Remember back to elementary school when it was report card day, and you’d go rushing home, excited to show your parents your straight As? Maybe that was just me?
I spent my school days as a complete over-achieving nerd, so I never really had the experience of bringing home a bad report card, but I imagine it didn’t feel great.
I have, on the other hand, been through many audits with different nonprofit organizations, and getting a laundry list of management letter comments feels like a bad report card.
You wish you would’ve worked harder or done things differently throughout the year, and it’s amazing how a few typed words on a letter (that goes to your board – yikes!) can motivate you to make whatever changes necessary.
So that you don’t get that icky bad report card feeling, I am going to share three common comments I’ve seen on many nonprofit organizations’ management letters. Make sure you’ve got these items cleaned up and in order:
1. Cash. The old adage “cash is king” rings true. Cash will be one of the first things the auditors look at and something they focus on, for good reason, because cash = risk.
How to nail it: Make sure all bank and petty cash balances tie to the reconciliations and the statements. Clean up any unreconciling items and make the appropriate journal entries to adjust, if necessary. Ensure there is a proper review and approval process for all bank reconciliations, and document it. Organize all backup documentation and bank statements.

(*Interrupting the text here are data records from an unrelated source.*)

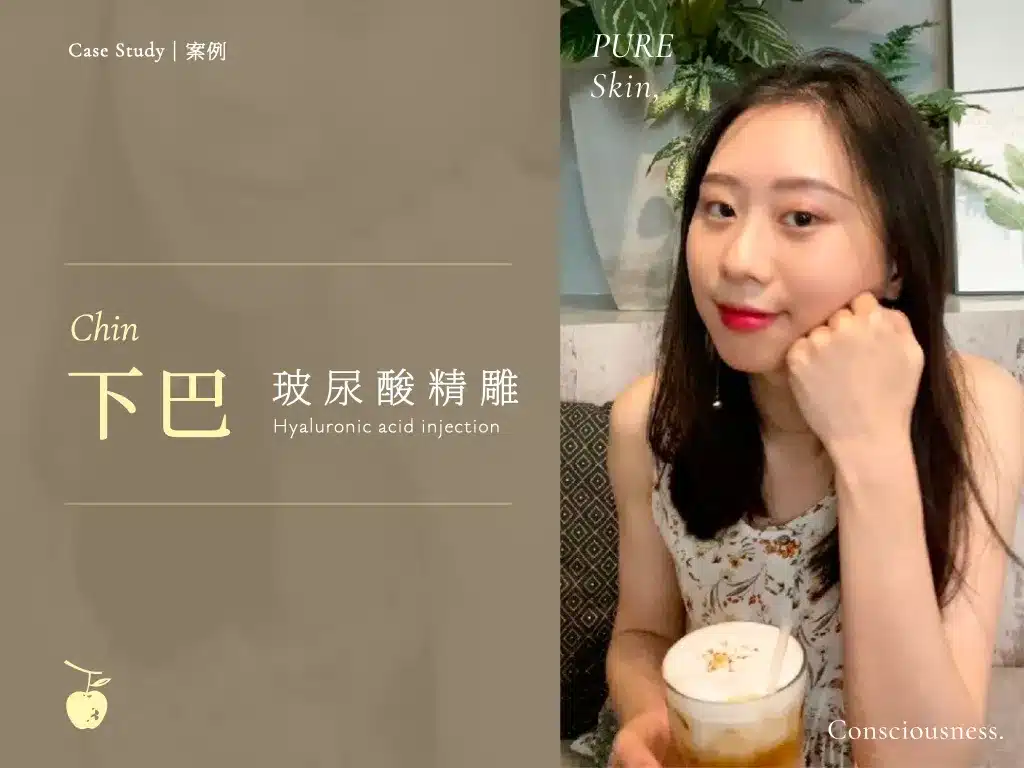 home casestudy chin 01 金蘋果美學診所｜歐家宏醫師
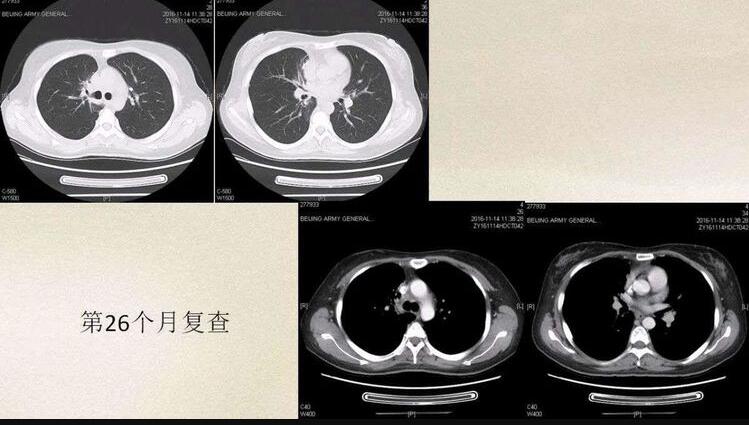 为什么大部分小细胞肺癌，不能动手术？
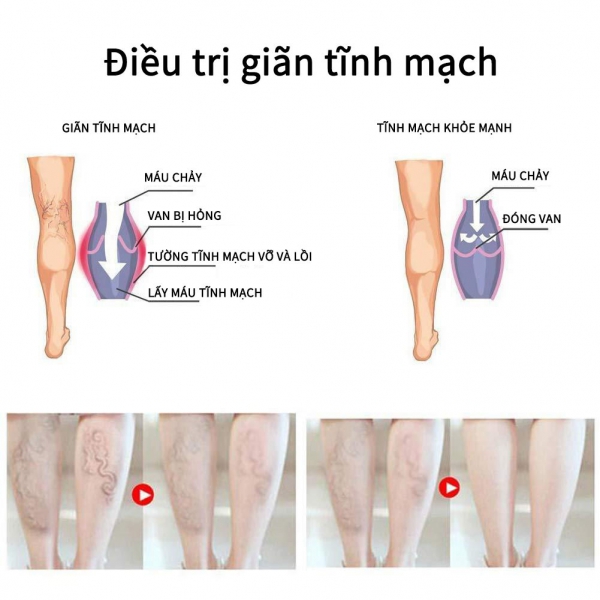 Kem Giảm Suy Giãn Tĩnh Mạch VOVA Giảm Suy Giãn tĩnh mạch, tĩnh mạch nhện, viêm, khô, tuần hoàn kém 30ml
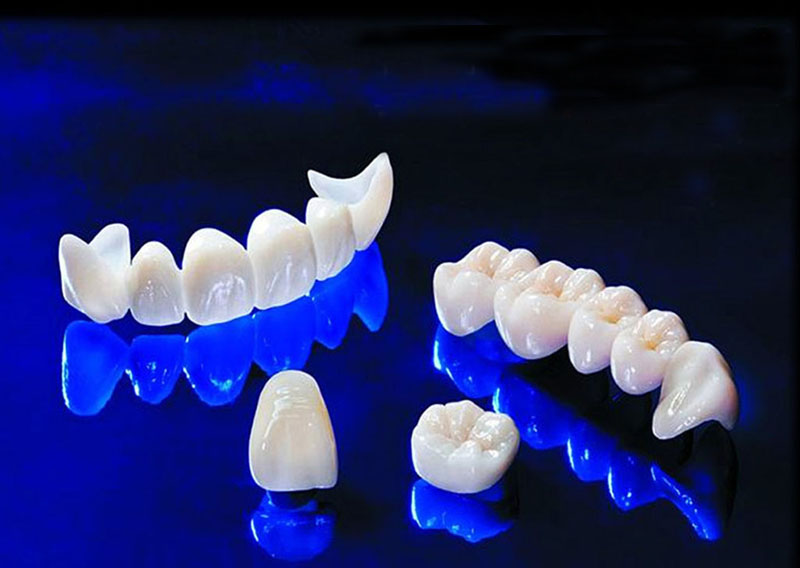 Dentartlab – Laboratorio Dental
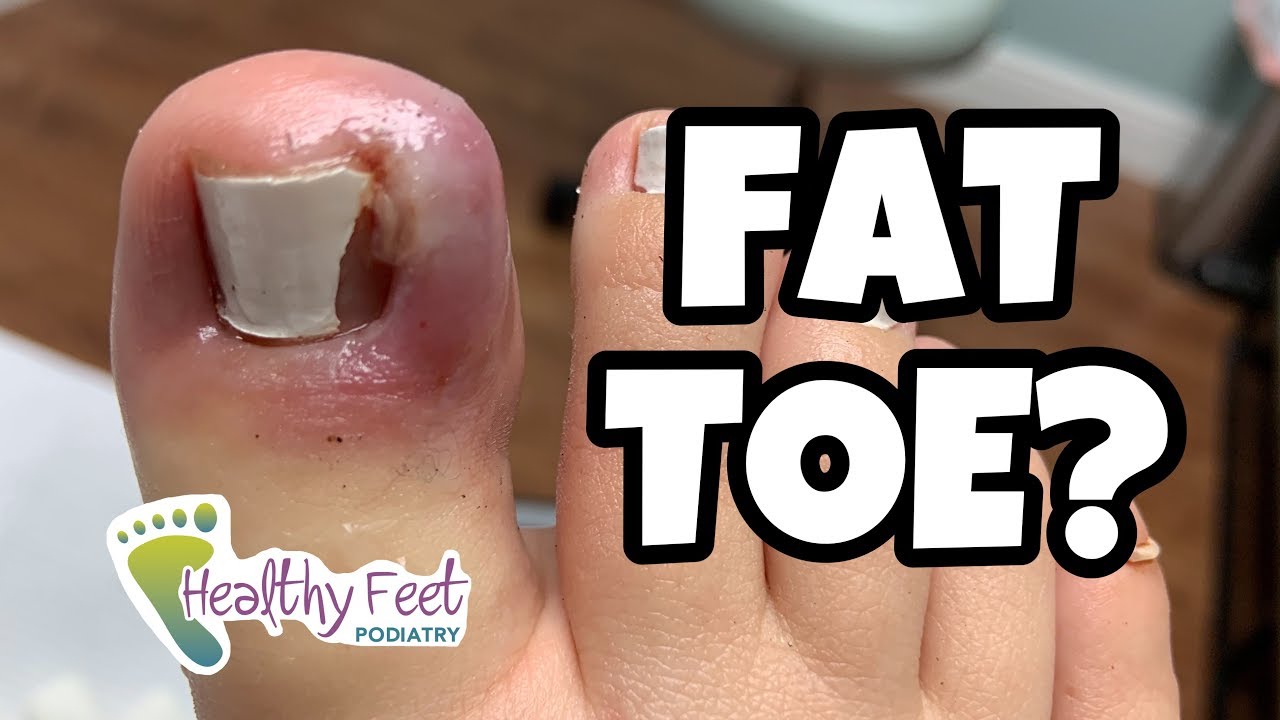 Ingrown Nail From a Fat Toe 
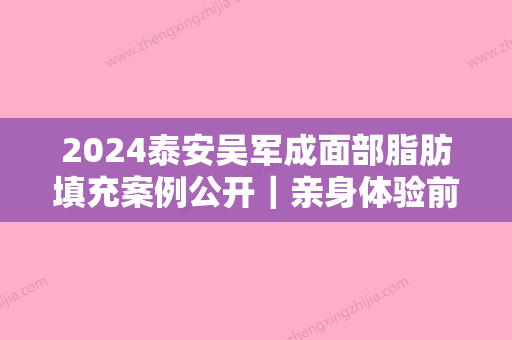 2024泰安吴军成面部脂肪填充案例公开｜亲身体验前后对比图分享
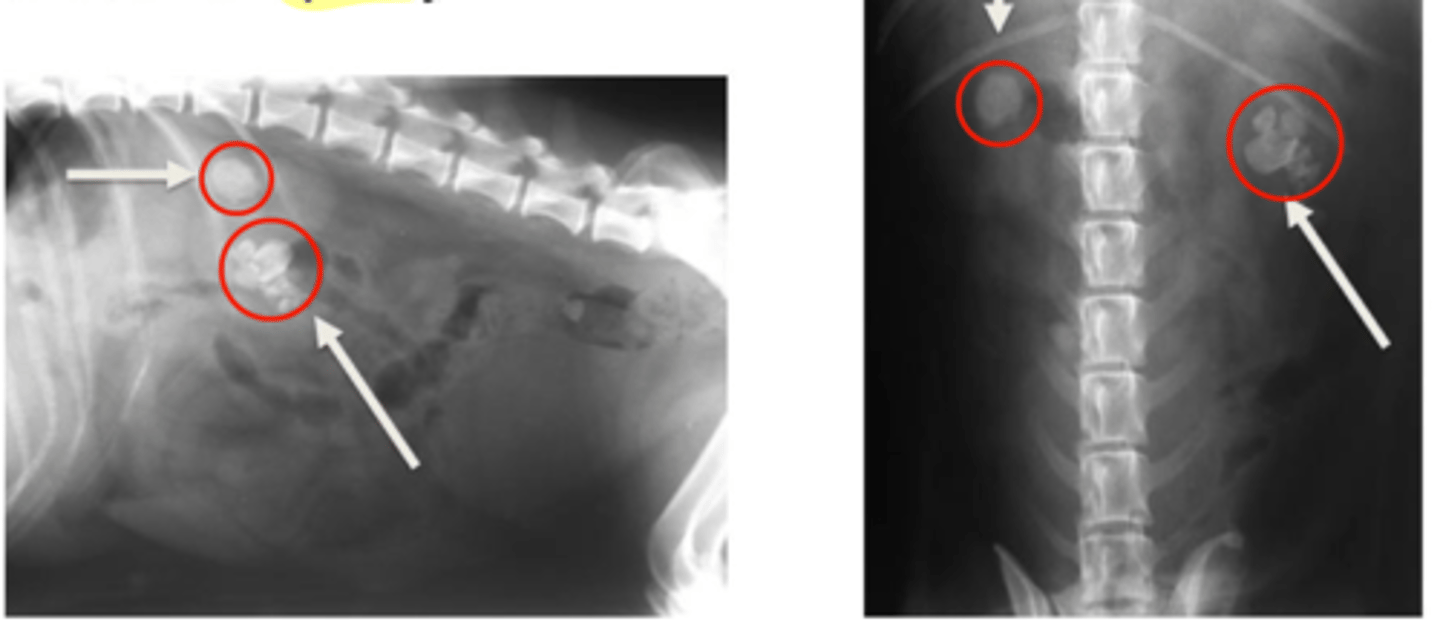 <p>Presence of renal calculi (stones)</p><p>Main radiographic finding is increased opacity</p>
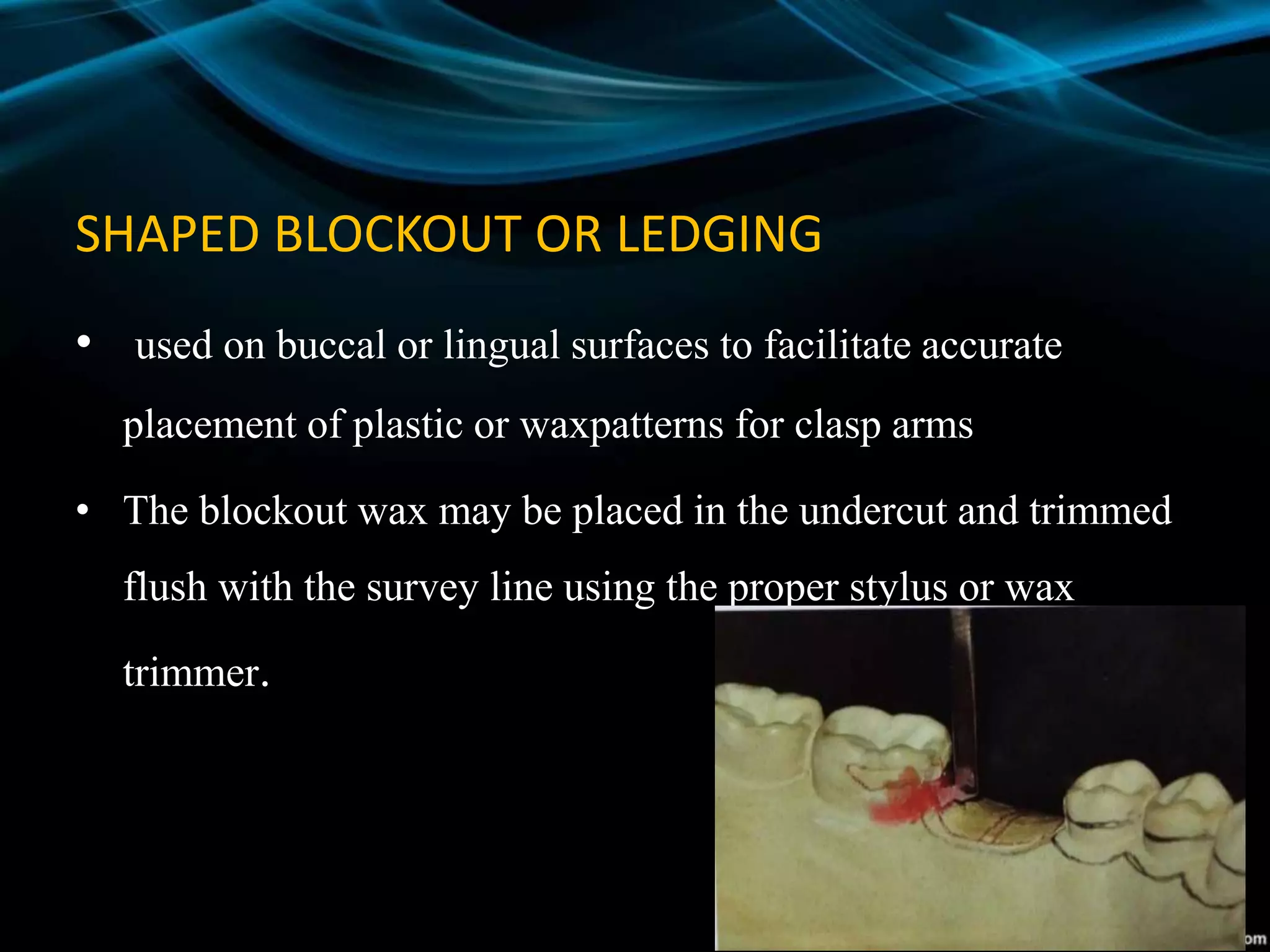 SHAPED BLOCKOUT OR LEDGING
• used on buccal or lingual surfaces to facilitate accurate
placement of plastic or waxpatterns for clasp arms
• The blockout wax may be placed in the undercut and trimmed
flush with the survey line using the proper stylus or wax
trimmer.
 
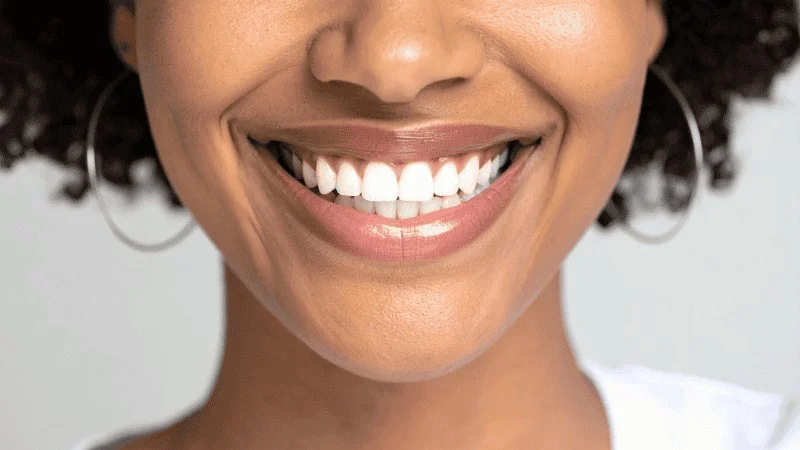 full mouth dental implant recovery time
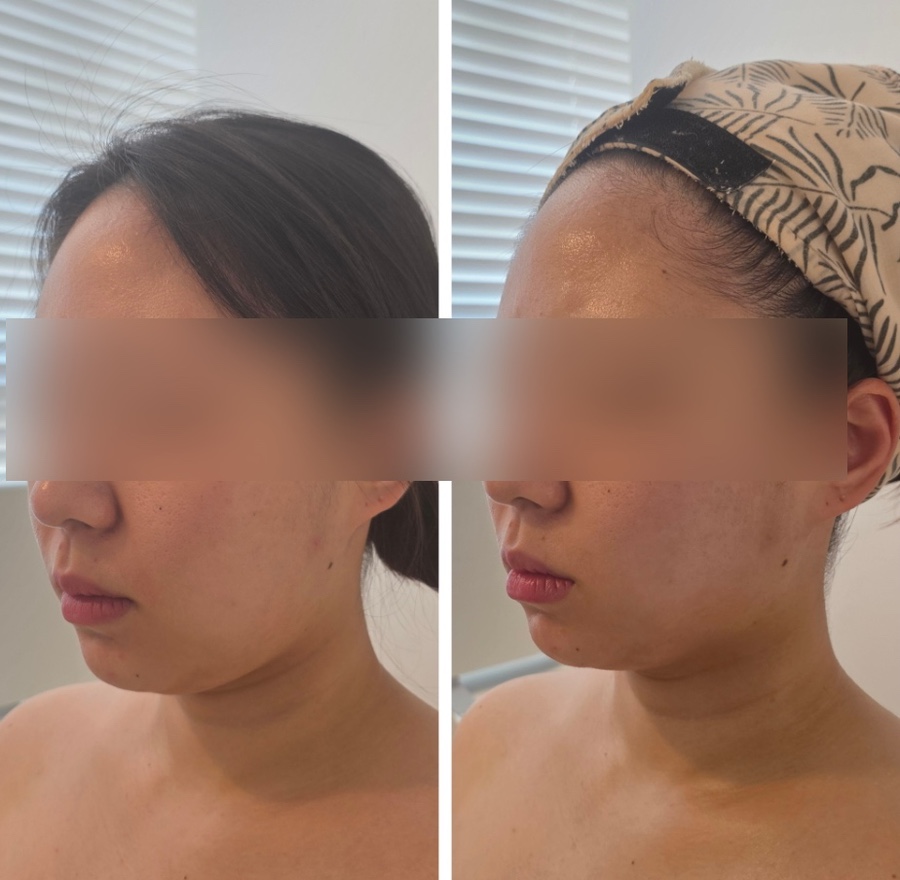 라피움 에스테틱 이미지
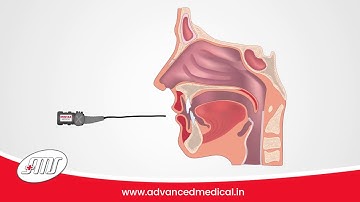 What is Flexible Endoscopy?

2. Temporarily restricted net assets. I shared the basics of TRNA here and be advised that this will be the second thing the auditor looks at because it is all about donor intent and how we’re spending our money. We should be accounting for any type of restrictions on our funding so we know at any given time how much of our assets are temporarily restricted or unrestricted.
How to nail it: You must begin tracking restrictions long before the auditors arrive. Make sure you have the systems in place to categorize revenue and expenses by donor or award. Reconcile all TRNA, make sure it ties to the trial balance, and prepare all backup documentation for the auditor’s review – they will want to see the donor’s letter that shows exactly how they want their money spent.
3. Finance manual & policies. Every organization should have a finance manual that documents approval policies, procurement process, bank signatories, and much more. Oftentimes, an organization creates the manual then completely forgets about it. Same with conflict of interest policy – we create it, have everyone sign it once, and file it away, never to be seen again. The auditors want constant vigilance on policies and procedures.
How to nail it: Set a time to review your manuals and policies annually. Update as needed, get new staff to sign the appropriate policies, and add any new changes to your business. Did you expand to a new location or add another restricted bank account? Update that manual!
So there’s your head start to the audit. Make sure you tackle these items starting NOW to ensure they don’t end up as comments on your management letter.